1.11 Le système juridictionnel devrait se fonder sur un nombre limité de tribunaux nationaux de première instance compétents pour les actions en contrefaçon et pour les actions à titre reconventionnel de nullité, mais avec le pouvoir limité de prononcer la nullité du brevet vis-à-vis du contrefacteur (présumé) en référence à ce type déterminé de contrefaçon (présumée) (efficacité exclusivement "inter partes"). A titre d'alternative, on pourrait prévoir que les tribunaux nationaux - compétents pour connaître des contrefaçons - puissent également prononcer l'invalidité d'un brevet communautaire (dans le cas d'une action à titre reconventionnel) mais en précisant que la décision sur la validité resterait en suspens jusqu'à ce qu'elle soit confirmée en appel.
1.11.1 Le pouvoir de prononcer la nullité du brevet avec effet "erga omnes" devrait être réservé également en première instance à la division d'annulation de l'OEB ou de préférence à une nouvelle juridiction à mettre en place (sans préjudice des déclarations formulées au sujet de l'alternative précédente).

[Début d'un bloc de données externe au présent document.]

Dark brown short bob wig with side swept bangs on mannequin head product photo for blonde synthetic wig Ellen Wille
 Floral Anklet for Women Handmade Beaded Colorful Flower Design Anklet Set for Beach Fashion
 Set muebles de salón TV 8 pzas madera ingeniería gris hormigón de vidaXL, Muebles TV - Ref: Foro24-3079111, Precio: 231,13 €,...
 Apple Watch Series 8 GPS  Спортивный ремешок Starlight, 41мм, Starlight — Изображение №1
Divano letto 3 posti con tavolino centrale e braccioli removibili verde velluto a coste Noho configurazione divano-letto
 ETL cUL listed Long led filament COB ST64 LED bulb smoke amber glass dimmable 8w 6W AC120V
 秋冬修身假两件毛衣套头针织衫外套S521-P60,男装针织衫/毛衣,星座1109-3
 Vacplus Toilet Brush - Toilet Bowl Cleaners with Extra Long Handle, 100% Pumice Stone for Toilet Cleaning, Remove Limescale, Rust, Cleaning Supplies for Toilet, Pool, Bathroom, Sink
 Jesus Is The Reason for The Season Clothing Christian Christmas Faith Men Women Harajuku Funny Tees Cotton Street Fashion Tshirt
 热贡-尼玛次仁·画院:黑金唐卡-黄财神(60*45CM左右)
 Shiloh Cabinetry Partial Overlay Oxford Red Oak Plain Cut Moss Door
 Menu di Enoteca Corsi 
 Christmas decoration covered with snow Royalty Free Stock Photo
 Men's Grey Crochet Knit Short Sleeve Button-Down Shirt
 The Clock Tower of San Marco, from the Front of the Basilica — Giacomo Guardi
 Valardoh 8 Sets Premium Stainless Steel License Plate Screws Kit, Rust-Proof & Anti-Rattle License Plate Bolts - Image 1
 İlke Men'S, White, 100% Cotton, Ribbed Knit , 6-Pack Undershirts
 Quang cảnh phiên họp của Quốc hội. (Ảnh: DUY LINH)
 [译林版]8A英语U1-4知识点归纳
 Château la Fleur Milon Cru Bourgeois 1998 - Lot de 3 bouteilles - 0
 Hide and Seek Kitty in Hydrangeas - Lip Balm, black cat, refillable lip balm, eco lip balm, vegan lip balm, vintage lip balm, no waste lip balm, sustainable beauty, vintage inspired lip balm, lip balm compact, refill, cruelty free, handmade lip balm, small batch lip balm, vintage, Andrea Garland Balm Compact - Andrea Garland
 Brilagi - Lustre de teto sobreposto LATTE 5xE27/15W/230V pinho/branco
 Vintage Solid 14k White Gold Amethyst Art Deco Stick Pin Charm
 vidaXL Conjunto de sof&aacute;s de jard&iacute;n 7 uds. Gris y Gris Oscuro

1.11.2 Comme juridiction de seconde instance, on pourrait prévoir une Chambre spécialisée du Tribunal de première instance de la CE.
1.12 En matière de taxes, les PME, les universités et les instituts de recherche sans but lucratif devraient bénéficier de conditions préférentielles, de même qu'il conviendrait d'adopter une politique active en faveur des PME avec la mise en place, auprès des organisations représentatives, d'unités de consultation en matière de brevets.
1.13 Il conviendrait d'étudier l'opportunité d'harmoniser le droit d'utilisation antérieure.
1.14 Il convient de modifier l'article 52 , 2, c) de la Convention sur le brevet européen afin de permettre la brevetabilité des programmes d'ordinateur.
* Sommaire. Le text complet de l'avis est publié dans le Journal officiel des Communautés européennes en date du 27.4.1998-C129, 8 s.